Daut Pasha Hammam

The Daut Pasha Hammam stands on the left bank of the river Vardar, in the immediate vicinity of the Stone Bridge. It was built in the second half of the 15th century as an endowment of Daut Pasha, who held highest rank in the hierarchy of the Ottoman Empire. The precise year of its building remains unknown and the inscription placed after its completion does not survive either. It is believed to have been built between 1468, when he was given the office of Beglerbey of Rumelia and 1497, the time when he was withdrawn from the position of the great Vizier of Rumelia.

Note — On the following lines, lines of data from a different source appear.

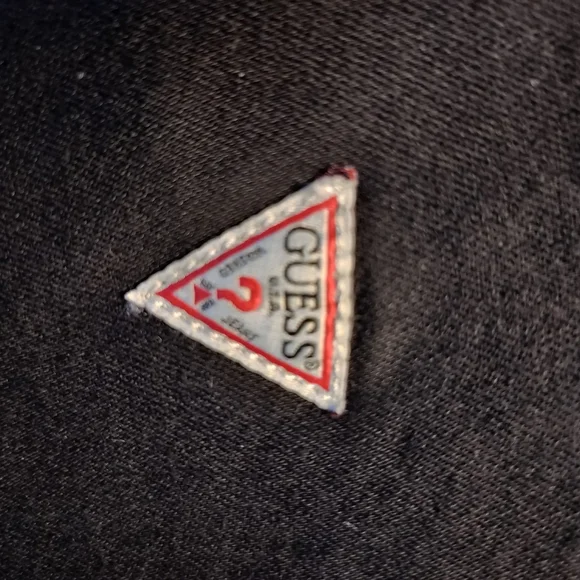 Guess Black Jean Shorts Casual Style - Picture 4 of 10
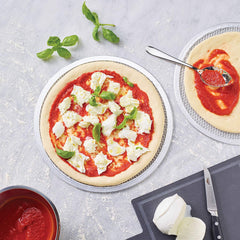 RETINA PER PIZZA IN ALLUMINIO , Ø 30 cm.
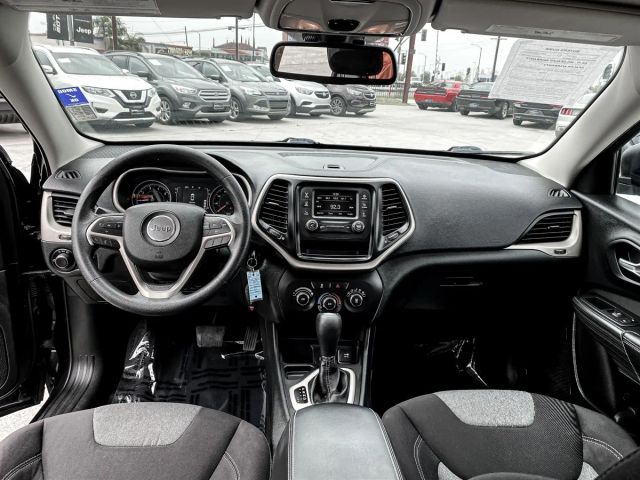 2015 JEEP CHEROKEE SPORT SUV 4D
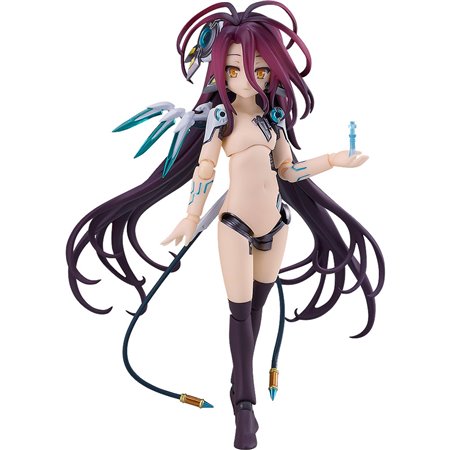 Figura bom sorriso companhia figma no game no life schwi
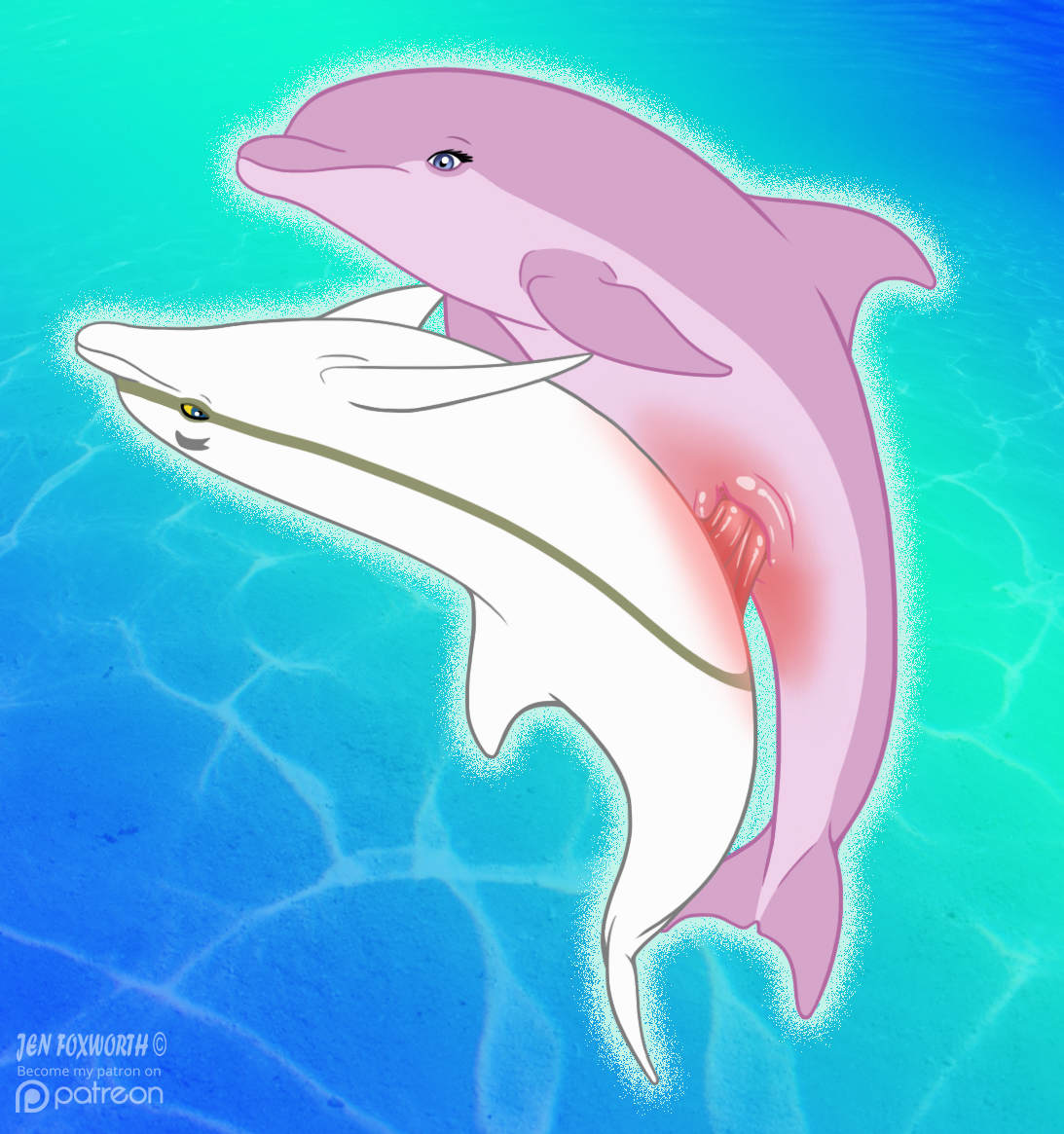 Blue Background Rule 34 Image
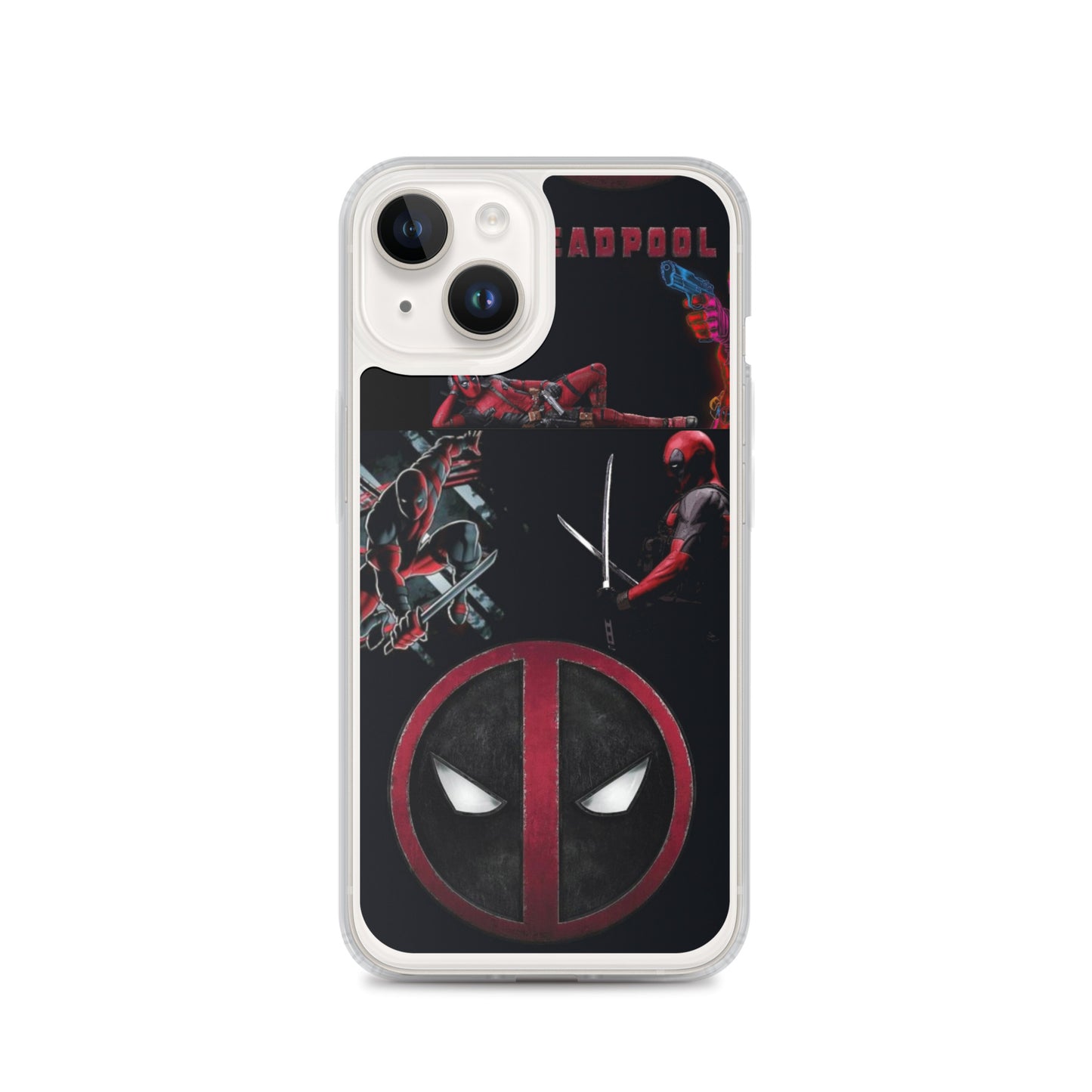 Deadpool Clear Case for iPhone®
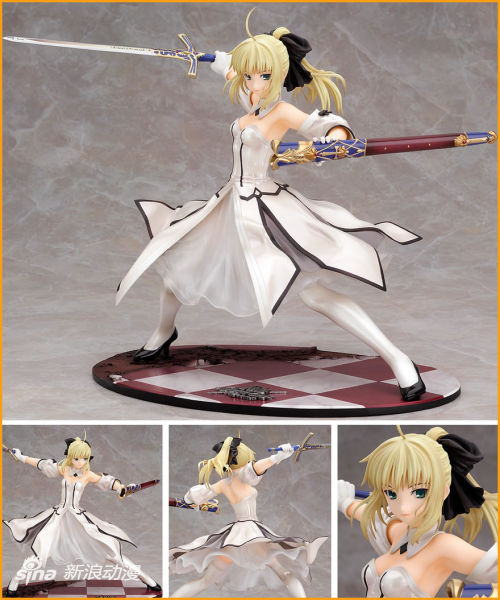 GSC Saber Lily 胜利的黄金之剑 12月发售→2013年2月发售预定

The hammam belongs to the Chifte type of double hammams. Its dimensions and aesthetic values make it a masterpiece of profane Islamic architecture it stands along he axis east-West and has twelve rooms. In terms of its function, it is divided along its length into two parts, men’s and women’s. the men’s part was accessed from the west side, from the street which leads from the Stone Bridge to the old Bazaar, while the women’s part was concealed and was accessed from a side street on the north side of the building. the water cistern and furnace served both parts and stood on the east side. this hammam, too, like the others, has anterooms, warmed bathing rooms, a “göbektash” (a stone or marble platform in the middle of the hot room of a hammam), etc. it is covered with a large number of domes of different dimensions which are fascinating in their asymmetric and yet completely harmonious and rhythmic arrangement. The rich decoration which consists of stalactite ornaments can be seen on the surfaces in the passages under the domes and in the halvets. In some of the rooms, decoration in the shape of a frieze with stylized flowers carved in low relief can be seen in fragments on the walls.

It is not known when the hammam lost its function. The elements such as the kurna, the shadrvan (fountain) and marble slabs do not survive and were probably carried off after it ceased to serve as a public bath. It can be safely assumed that, like the other uildings, this hammam suffered heavy damages in wars, natural disasters, the earthquake of 1555, the fire set to Skopje by Piccolomini in 1689 and the earthquake of 1963. after it lost its function it served as a warehouse.

It is believed that the site of the Daut Pasha Hammam was originally the site of the church of St. Demetrius. Its reconstruction began in 1935/36, and has been the site of the art gallery since 1948. Today’s permanent exhibition was formed in 2000, with the purpose of presenting a survey of the development of Macedonian visual arts from the 14th to the 20th centuries, with an emphasis on the Macedonian 20th-century painting and sculpture.

Bibliography:

Ayverdi E.H., Avrupa’da osmanlı Mimari eserleri – Yugoslavya, iii. cild, 3.Kitab, İstanbul 1981, 299.
Kumbaradzi-Bogoevich L, Osmanliski Spomenici vo Skopje, Skopje 1998.
Özer M, Üsküp’te türk Mimarisi (XiV-XiX y.y), atatürk Kültür dil ve tarih Yüksek Kurumu, ankara 2006.
Pavlov Z., Daut Pasha hamam, Ottoman Monuments, Cultural heritage protection office, Skopje, 2009, 80-83.